Nix came into the Utah game with the best completion percentage in the country at 78.4 and the fourth-best passer rating at 180.2. With scouts from 11 NFL teams watching from the press box, he completed 77% of his passes against Utah’s defense and graded out at 165.9 for the game. At least the Utes can say they held him below average.
On paper, honoring the vaunted MUSS in a game of such importance (with the winner staying very much alive in both conference and national championship contention; the loser facing a major if not impossible uphill climb) appeared to be a stroke of strategic genius. Painting the helmets and egging on the students should have been like throwing your pet doberman a raw T-bone.
But Oregon started out so quickly and so efficiently that the 7,000 students stuffed into the southeast corner of the stadium never had much of a chance. The students, many of whom had been up since 5 a.m. so they could get a good viewing spot at the “GameDay” broadcast (and some slept overnight on the Presidents Circle grass), were still settling into the stands and trying to find their voice when Oregon burst out of the blocks.
The MUSS’s specialty is jumping up and down to get teams to freak out on third down. But the Third Down Jump only worked half the time — Oregon was five for 10 on third downs — and didn’t result in a single false start penalty.
The game marked the fifth straight meeting between the Utes and the Ducks with both teams nationally ranked. The string began with the Pac-12 championship game in 2019 when Oregon was ranked fifth and Utah 13th. It continued with two games in 2021, the first during the regular season when Oregon was ranked third and Utah 23rd and the second in the Pac-!2 championship game when Oregon was ranked 10th and Utah 17th. Last year, the teams met in Eugene with Utah ranked 10th and Oregon 12th.

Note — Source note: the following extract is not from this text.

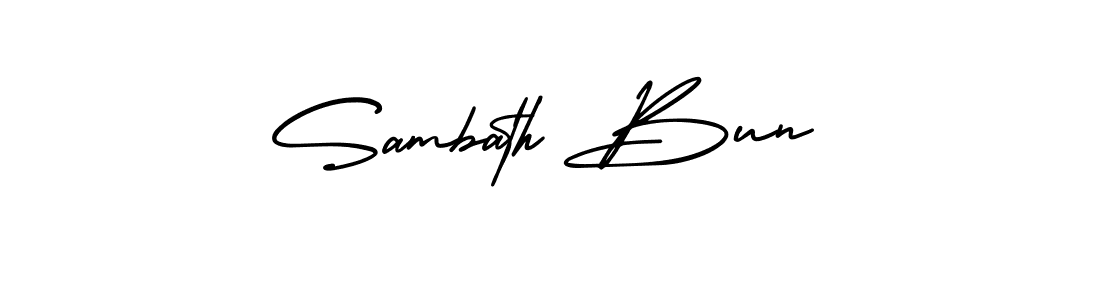 This is the best signature style for the Sambath Bun name. Also you like these signature font (AmerikaSignatureDemo-Regular). Mix name signature. Sambath Bun signature style 3 images and pictures png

The lowest ranked team, i.e. the underdog, won in each of those games — until the trend was reversed Saturday.
The only record Utah set Saturday was unofficial — the quietest stadium full of 53,586 fans in history. At times in the second quarter it was quieter than fall break, and it only got quieter as the stadium began to empty before the third quarter was half over. In a day that started with such potential and such promise, at the end of the game maybe 300 students remained in the MUSS. Everyone else had gone home to get some shuteye.